It’s not Newbery criteria, but I also really liked that Cory loves babies and isn’t afraid to go all-in on his delight. We need to see more role models of men/boys who love babies. In real life most of the boys I know adore babies and they rarely get to see themselves reflected.
Yes! I loved the brothers relationship and that the tough kid loved babies.
I also loved the boy loving babies!
It was a member of my Student Newbery group at school who pointed out DaNae’s point about how many of our contenders this year are fun and mostly about enjoyable moments in a character’s life. Refreshing…..
A story does not have to make you cry to be memorable and distinguished.

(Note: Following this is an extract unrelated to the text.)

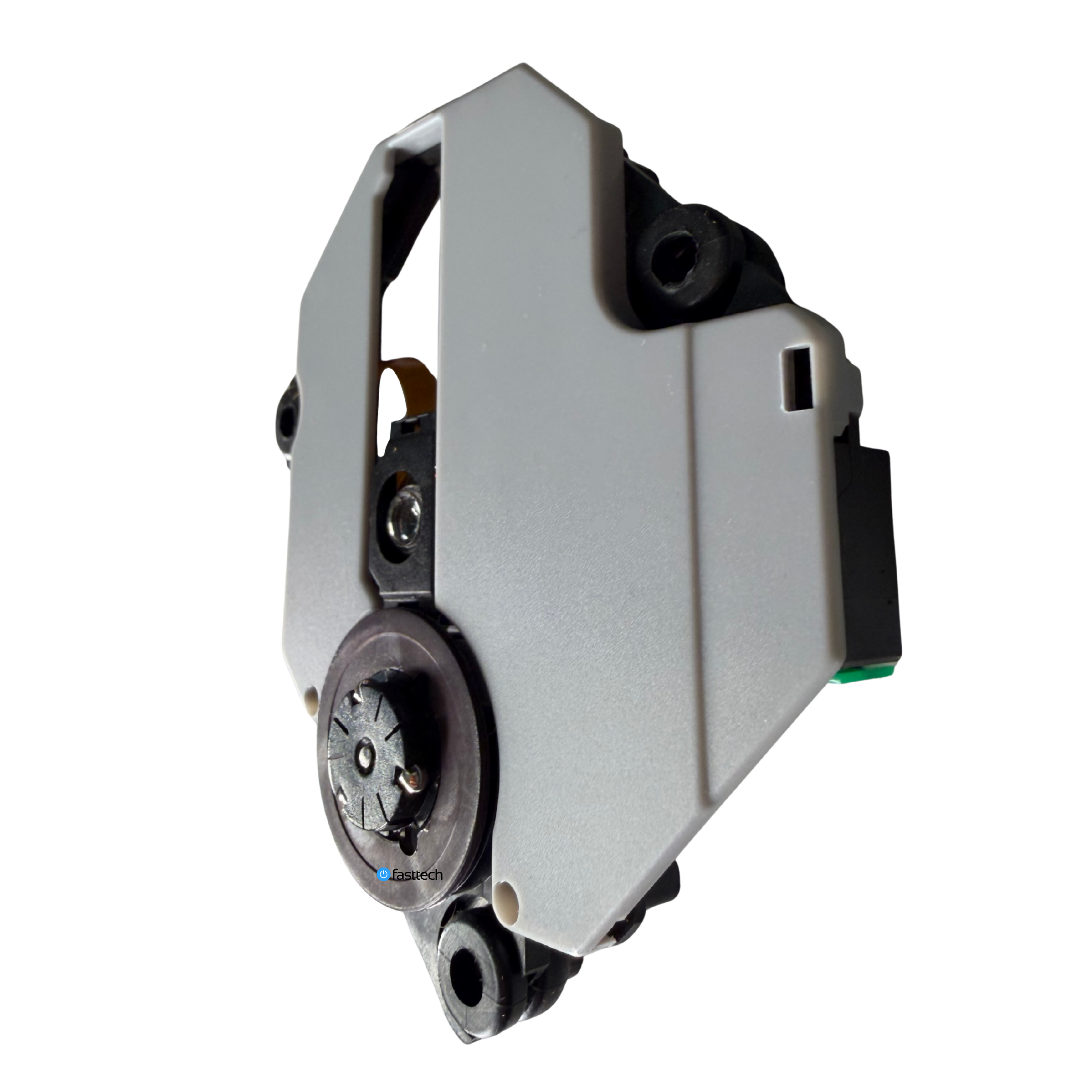 PS1 Laser Lens and Deck KSM-440BAM - 10.png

And Styx Malone makes us smile an awful lot.
I easily check off all the criteria boxes for this book.
The excellent distinguished aspect of character development in this novel can stand up against any title on our list.
I, too, took my sweet time taking this book off my pile. I’d heard that Styx was 16, so with a current focus of PreK-6, I was saving it for later. Then, like many of you, I kept hearing about it. After the first chapter, I was all in. Love the humor that softens the hard edges–like Styx being foster care at his age and when he loses “his sister.” The path between black and white situations widens as the boys step further into the gray–knowing that mom probably wouldn’t approve. Cory loving the little ones also adds to the humor. And the fact that the boys are willing to take chances just to go to a museum. (Of course if you’ve ever been, you get that.)
And then there’s Mr. Pike. Our gruffy-you-should-have-just-asked-me guy. (Get out the tissues; the book deserves 2 for ending) Love. Love.
Questions: Why is dad so set on never leaving town? Did something happen that makes him so overprotective? “until you understand what the world is really like, I want you close.” pg 279 I love that he listens to his kids and you see the result in the end. So many books for this age group have terrible adults. It’s a nice change.
I think I will be fighting for this one when we start our balloting next week.
I so enjoyed this book. It felt familiar and warm and sweet and full of heart and it reminded me of The Penderwicks – a bit old fashioned, and shamelessly so. I can’t remember the last time I felt giddy while reading a book, but this book tickled all my sweet spots: it reminded me of the carefree moments in my childhood, running with kids my parents didn’t necessarily approve of, and going on adventures that could’ve landed me in serious trouble.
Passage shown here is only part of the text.